» Directions
Pictures aside, reproduce exactly and only the lines from the one containing "14771 14771 Cypress" through the end of the records.

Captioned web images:
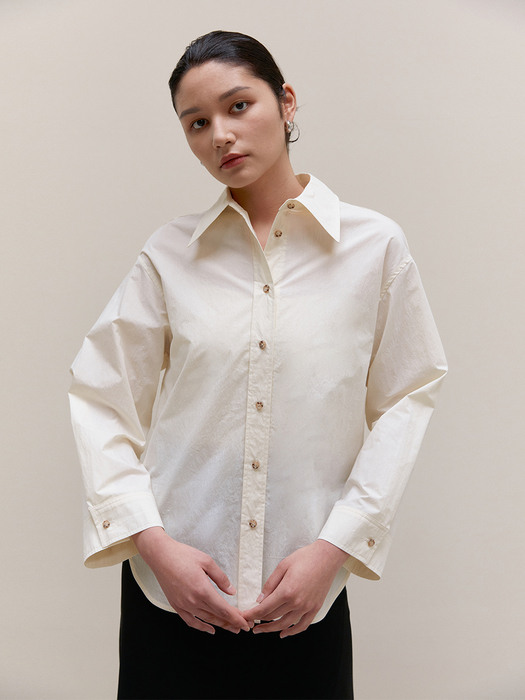 TWS BACK FLAPPED BASIC SHIRT_2 COLOR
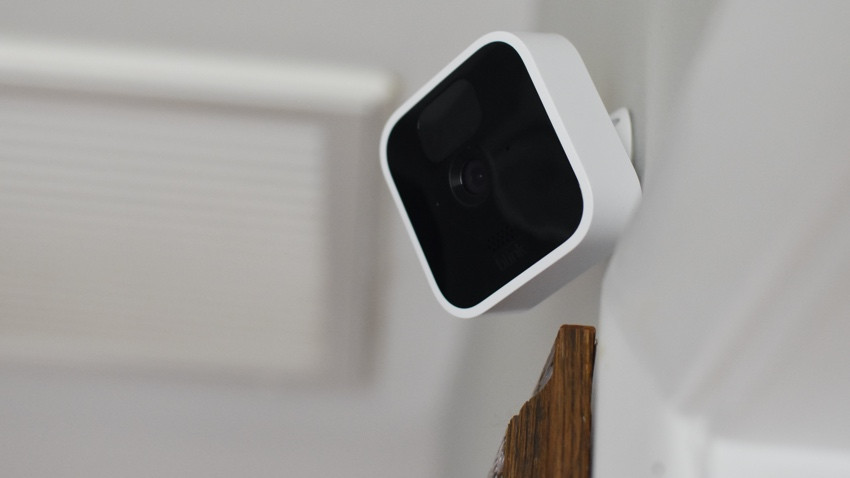 Blink Outdoor Indoor Review Compact Security Cameras That Just Keep Going
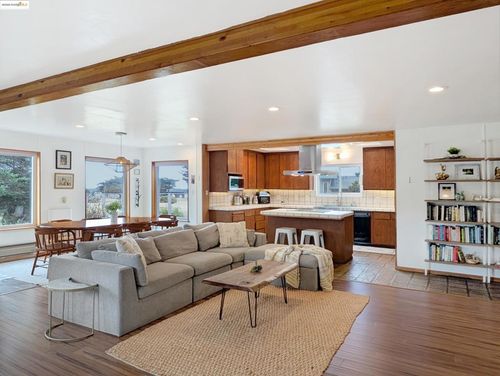 14771 14771 Cypress Point Rd, Manchester, CA, 95459 | Card Image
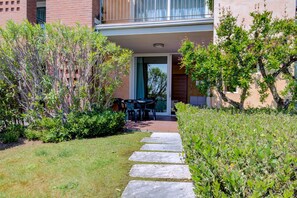 Outdoor dining - On Lakeside with 3 Pools and Tennis Courts - Apartment Azzurro (Padenghe sul Garda)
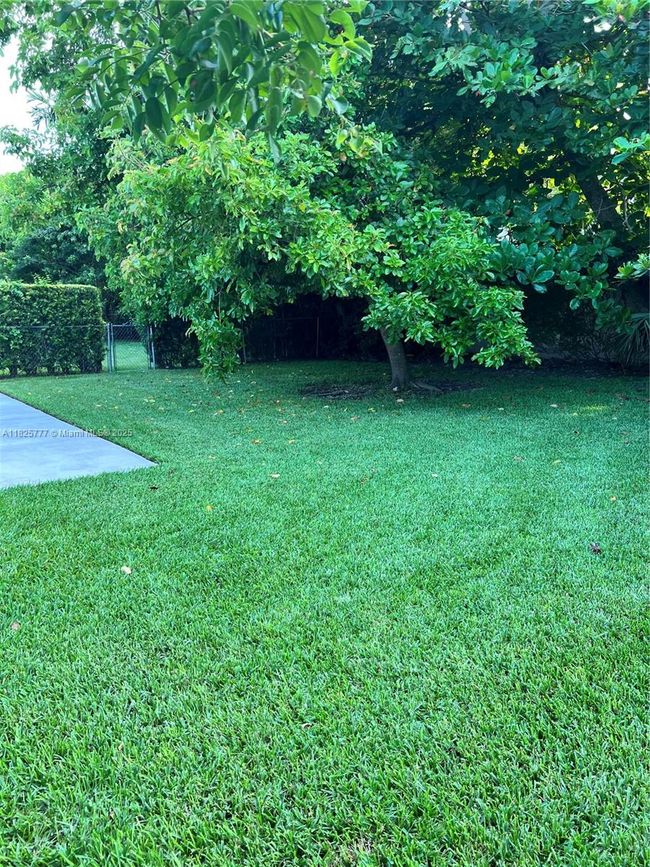 10820 - 10820 Sw 78 Th Ave, Home with 3 bedrooms, 2 bathrooms and null parking in Pinecrest FL | Image 7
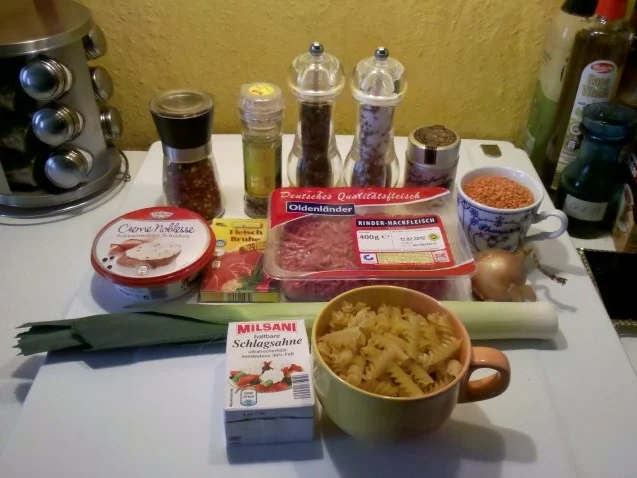 Rezept: Hackfleisch: Hackfleisch-Nudeleintopf im Tandoori-Stil Bild Nr. 3 Hackfleisch: Hackfleisch-Nudeleintopf im Tandoori-Stil - Rezept - Bild Nr. 3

» Worked solution
 14771 14771 Cypress Point Rd, Manchester, CA, 95459 | Card Image
 Outdoor dining - On Lakeside with 3 Pools and Tennis Courts - Apartment Azzurro (Padenghe sul Garda)
 10820 - 10820 Sw 78 Th Ave, Home with 3 bedrooms, 2 bathrooms and null parking in Pinecrest FL | Image 7
 Rezept: Hackfleisch: Hackfleisch-Nudeleintopf im Tandoori-Stil Bild Nr. 3 Hackfleisch: Hackfleisch-Nudeleintopf im Tandoori-Stil - Rezept - Bild Nr. 3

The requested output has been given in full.